Search code examples
azureazure-sql-databaseazure-machine-learning-serviceazure-sdk-python

Azure Machine Learning Studio: cannot create Datastore from Azure SQL Database


I am trying to connect to an Azure SQL Database from inside Azure Machine Learning Studio. Based on https://learn.microsoft.com/en-us/python/api/azureml-core/azureml.core.datastore.datastore?view=azure-ml-py, it seems that the recommended pattern is to create a Datastore using the Datastore.register_azure_sql_database method as follows:

import os
from azureml.core import Workspace, Datastore

ws = Workspace.from_config() # asks for interactive authentication the first time

sql_datastore_name  = "datastore_test_01" # any name should be fine
server_name         = os.getenv("SQL_SERVERNAME"    , "{SQL_SERVERNAME}") # Name of the Azure SQL server
database_name       = os.getenv("SQL_DATABASENAME"  , "{SQL_DATABASENAME}") # Name of the Azure SQL database
username            = os.getenv("SQL_USER_NAME"     , "{SQL_USER_NAME}") # The username of the database user.
password            = os.getenv("SQL_USER_PASSWORD" , "{SQL_USER_PASSWORD}") # The password of the database user.

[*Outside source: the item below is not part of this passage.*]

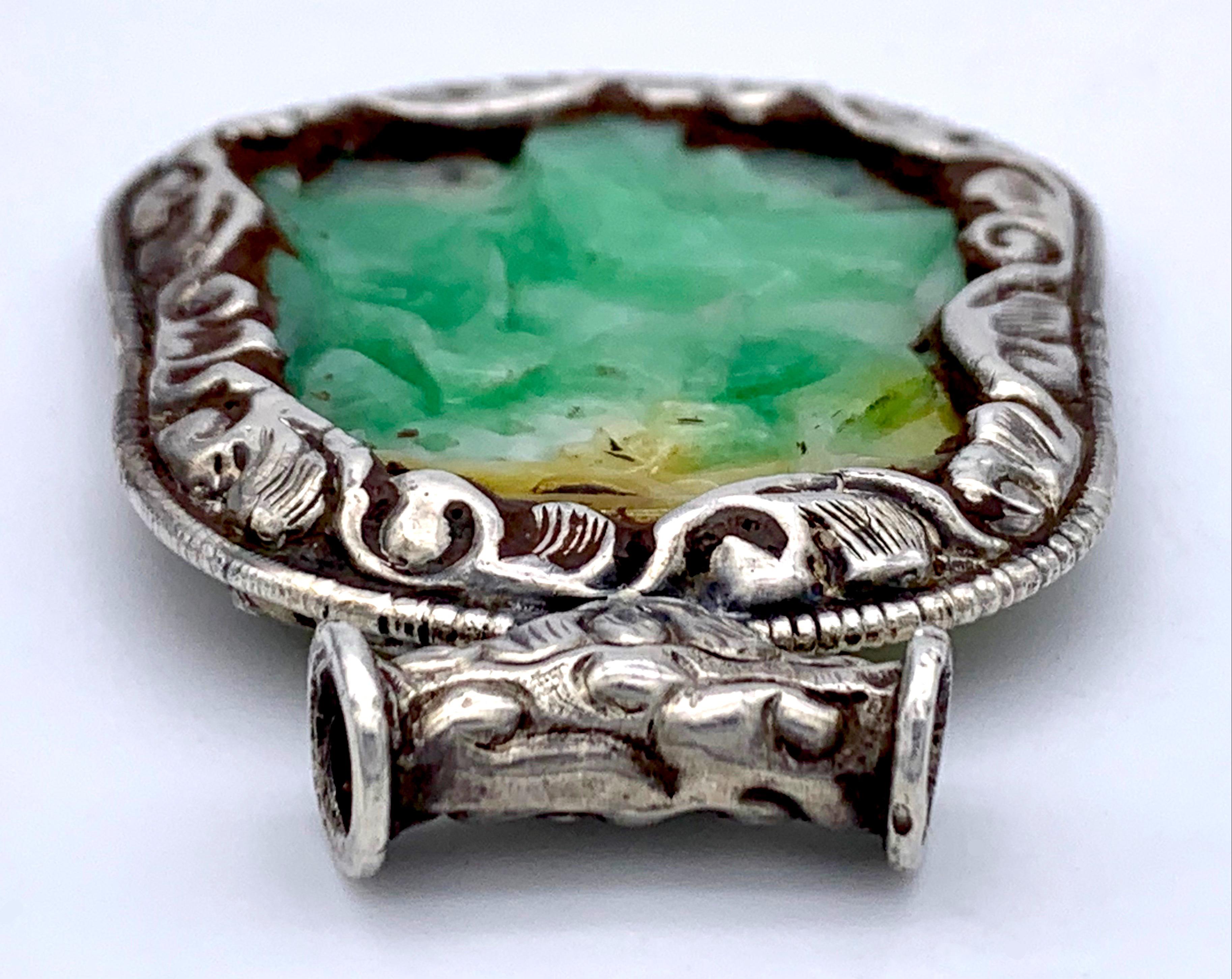 Pendentif chinois ancien du 19ème siècle en jade sculpté double face Bon état à Munich, Bavaria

sql_datastore = Datastore.register_azure_sql_database(workspace      = ws,
                                                      datastore_name = sql_datastore_name,
                                                      server_name    = server_name,
                                                      database_name  = database_name,
                                                      username       = username,
                                                      password       = password)

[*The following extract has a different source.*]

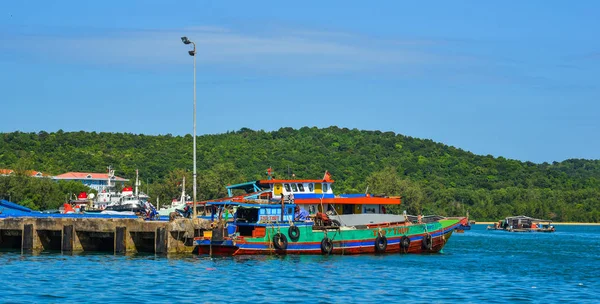 Barcos no mar azul — Fotografia de Stock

I am pretty sure I have set all parameters right, having copied them from the ADO.NET connection string at my SQL Database resource --> Settings --> Connection strings:

Server=tcp:{SQL_SERVERNAME}.database.windows.net,1433;Initial Catalog={SQL_DATABASENAME};Persist Security Info=False;User ID={SQL_USER_NAME};Password={SQL_USER_PASSWORD};MultipleActiveResultSets=False;Encrypt=True;TrustServerCertificate=False;Connection Timeout=30;

However, I get the following error:

Registering datastore failed with a 400 error code and error message 'Azure SQL Database Error -2146232060: Please check the correctness of the datastore information.'

Am I missing something? E.g., a firewall rule? I have also tried adding the Azure ML compute resource's public IP address to the list of allowed IP addresses in my SQL Database resource, but still no success.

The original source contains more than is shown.